Digital receipts are good all around
I made a recent purchase at Sears and during check-out I opted for an electronic receipt versus hard copy. Simple, yet the more I thought about it I realized how this one transaction benefits all parties involved.
The electronic option is a way for Sears to support efforts to go green. If that’s important to someone like me, then I have that option to do so. In a way I felt I was connecting with their brand, as we share a common interest.
Post-purchase I find that I’m still interacting with Sears. I receive my receipt via e-mail. It’s one more opportunity for the company to connect with a customer. On the receiving end, I’m happy to see my digital receipt along with other useful information. I learn that because I went green, I was automatically entered into a drawing; a nice, added benefit, I thought.

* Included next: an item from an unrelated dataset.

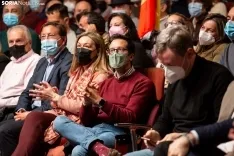 El PP pasa al ataque a dos bandas / María Ferrer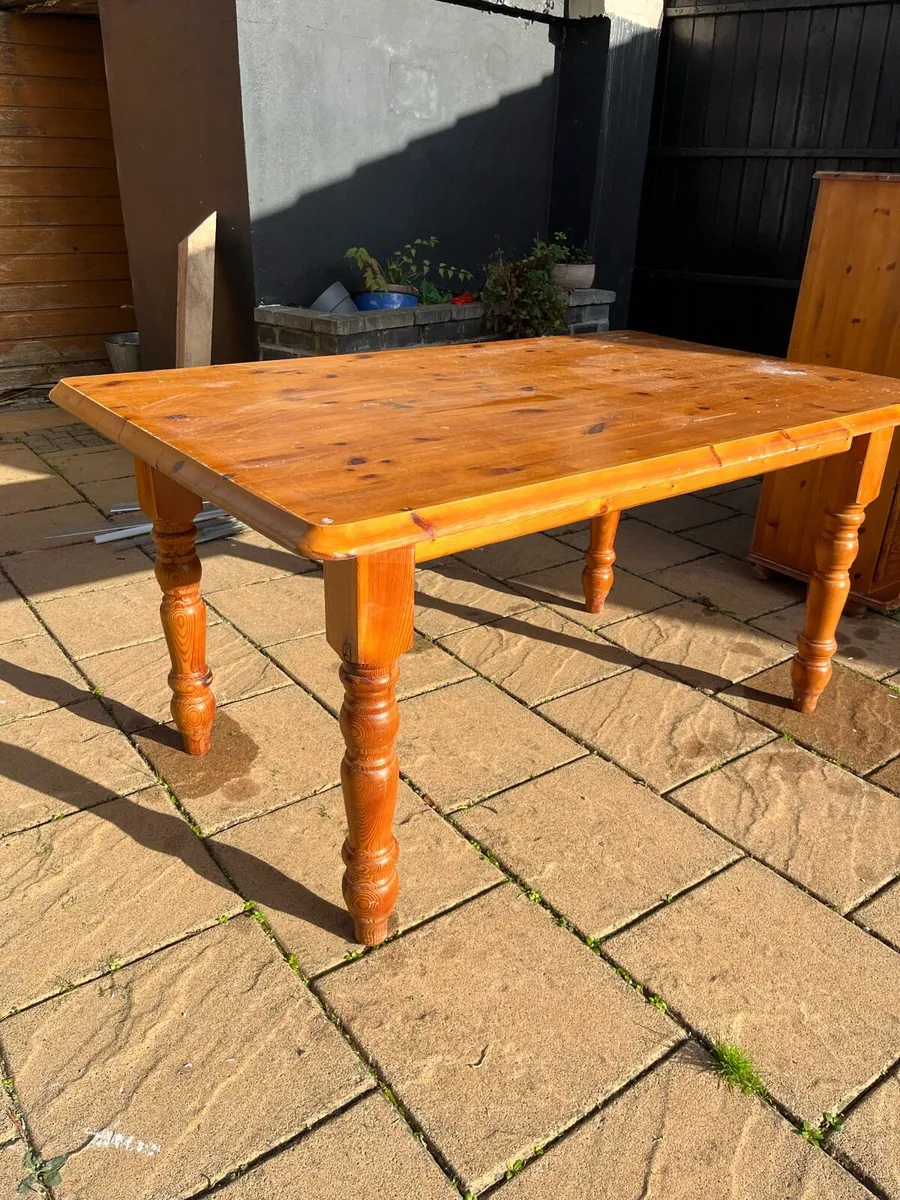 Solid pine dining table - Image 3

In addition, I’m offered “recommendations” on other purchases I may be interested in. Smart – they’re cross selling other products and I, on the other hand, did consider their recommendations.
This isn’t rocket science, but it is interesting how one simple offering that was of interest to me allowed Sears to have several touch points and connections with a customer, beyond just the in-store visit. These multiple touch points are certainly their intent, from a marketing standpoint, as they seek to engage me as often as they can – especially on a permission basis like this. Nicely done, Sears. And I hope I win that drawing!